• What to do
Look below for the line holding "AMOCAM Wired Video" and the line holding "Vintage St. Johns". Transcribe exactly those lines and all lines between them, nothing more.

• Data records
:::::
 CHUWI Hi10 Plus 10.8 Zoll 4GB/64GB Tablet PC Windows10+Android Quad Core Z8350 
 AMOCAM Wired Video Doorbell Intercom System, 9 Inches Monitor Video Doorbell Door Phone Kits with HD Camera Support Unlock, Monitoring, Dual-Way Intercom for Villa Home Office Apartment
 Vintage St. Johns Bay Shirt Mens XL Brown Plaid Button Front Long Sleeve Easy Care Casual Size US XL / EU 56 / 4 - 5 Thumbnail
:::::
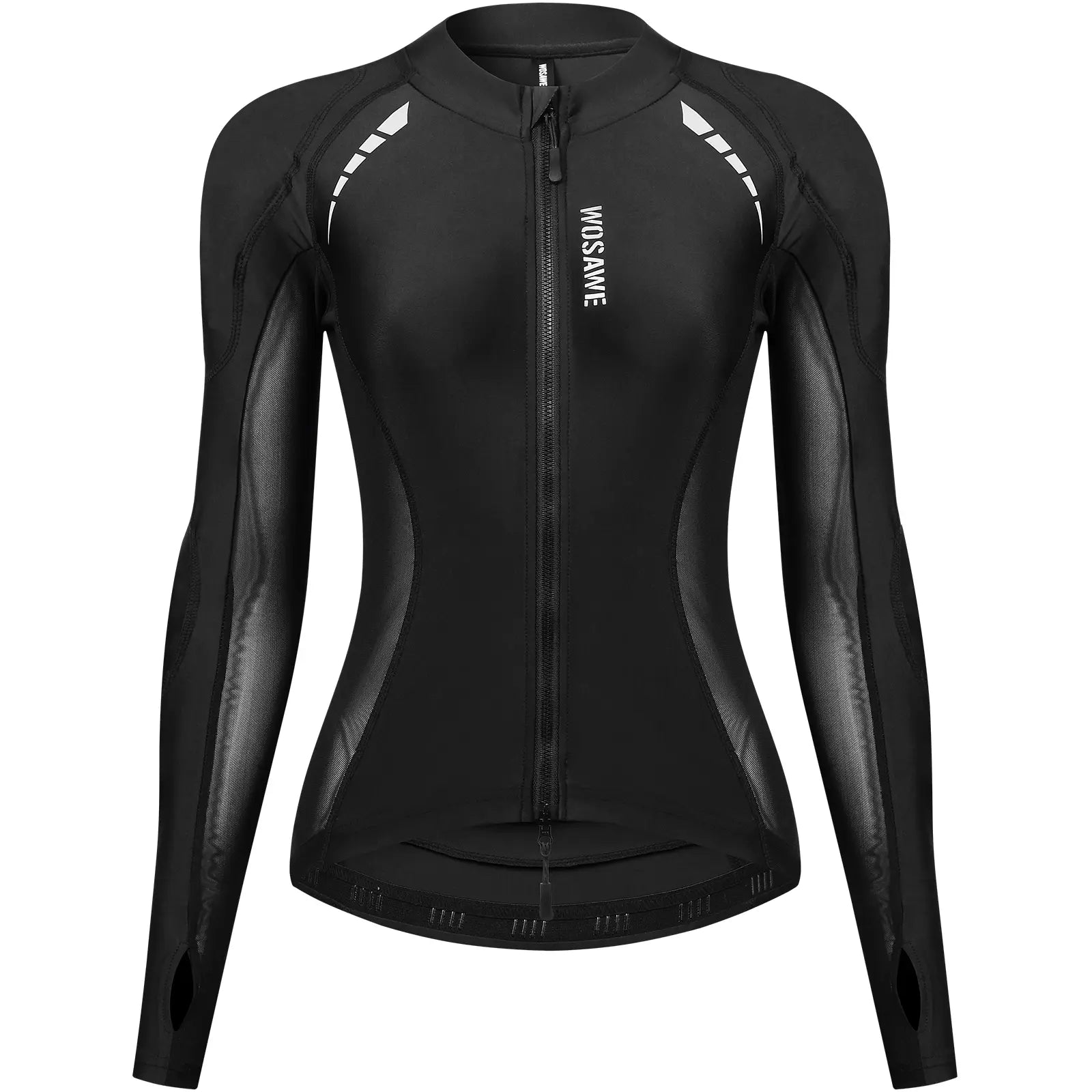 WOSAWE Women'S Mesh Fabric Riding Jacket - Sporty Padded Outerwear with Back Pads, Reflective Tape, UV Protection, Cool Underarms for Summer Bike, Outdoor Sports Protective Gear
:::::
• Completed task
 AMOCAM Wired Video Doorbell Intercom System, 9 Inches Monitor Video Doorbell Door Phone Kits with HD Camera Support Unlock, Monitoring, Dual-Way Intercom for Villa Home Office Apartment
 Vintage St. Johns Bay Shirt Mens XL Brown Plaid Button Front Long Sleeve Easy Care Casual Size US XL / EU 56 / 4 - 5 Thumbnail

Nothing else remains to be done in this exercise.